Free-to-air mobile TV crosses the digital divide as it hits 100 million user milestone

Date: Thu, 12/02/2010 - 15:27 Source: Telegent PR department

While mobile TV providers in the US and Europe are still struggling to define the right technical and business model for mobile TV, free-to-air analogue mobile TV has experienced runaway success in the emerging markets in the space of three years 

Free-to-air mobile TV crosses the digital divide as it hits 100 million user milestone Diana Jovin, VP Corporate Marketing & Business Development, Telegent Systems

TV handsets supporting analogue broadcast TV standards first appeared on the market in mid-2007 and hit the 100 million user milestone in 2010 with particularly strong uptake in emerging markets such as Southeast Asia, Latin America, the Middle East, Africa and India. 
The key driver for this rapid uptake has been the availability of live broadcast TV on low-cost devices that converge television with voice and data services in affordable mobile phone designs.  For the emerging market consumer, the ability to view TV while commuting, while during breaks at work, or while at home, provides significant value in terms of both information and entertainment access.  A second driver fueling demand in these markets has also been the dynamics of the distribution model.  In these markets, consumers purchase phones predominantly in retail channels, purchasing the voice and data service separately, which enables manufacturers to introduce differentiating features regardless of whether they directly contribute to operator service strategies.  As a result of these two factors, analogue mobile TV shipments have rapidly grown to account for half of all TV handset shipments globally and will continue to do so through 2014, according to analyst firm Forward Concepts.
Although analogue broadcast TV will continue to be accessible to more than 85% of the world’s population for the foreseeable future, some regions in both developed and emerging markets have begun the transition to digital technologies, raising the question of how free-to-air mobile TV solutions will accommodate this switchover. 
The Latin American market provides an interesting case study for this transition.  Along with Southeast Asia, Latin America is one of the dominant regions driving mobile TV growth.  Analyst firm Techno Research Systems estimates that 31 million TV handsets will be purchased by Latin American consumers in 2010 and that this number will more than double to 76 million units by 2014 for both analogue and digital TV handsets.  Despite this strong regional interest in mobile TV, consumer uptake of digital free-to-air handsets has remained limited, which many in the local ecosystem believe is due to the fact digital mobile TV has been positioned in high-end, expensive models.

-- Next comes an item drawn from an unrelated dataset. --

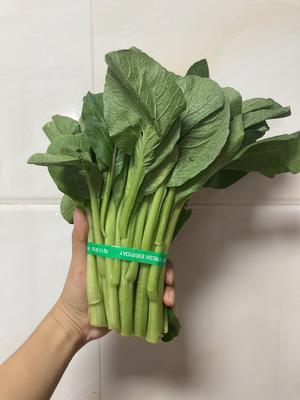 广东白灼菜心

Mobile TV solutions are now being introduced that will enable the delivery of digital TV on low-cost handsets in combination with analogue TV, guaranteeing the broadest range of coverage and use cases during what is expected to be a reasonably long transition period in the region.  It is expected that both of these factors – low-cost digital TV designs and hybrid TV handset definitions - will jumpstart adoption of digital TV in parallel to the success of analogue TV in the region.
Uptake of free-to-air mobile TV in developed markets such as Europe and the US, where the regions have transitioned to digital broadcast TV standards DVB-T and ATSC, still remains limited.  In these regions, mobile phone definition and distribution rests largely in the hands of operators.  As a result, although consumers may value the feature as one of the many points of access to media that they have on their devices, the feature needs to be delivered in a way that it contributes to service revenue.  Developments that integrate interactive services with live broadcast TV, such as the Ginga initiative in Brazil, may help converge operator strategy and consumer demand in such a way that operators take interest in free-to-air broadcast TV as a strategic feature.  When this happens, we may start to see initial designs that incorporate the feature in developed economies, and more investment from operators in marketing campaigns around TV on mobile in the emerging markets.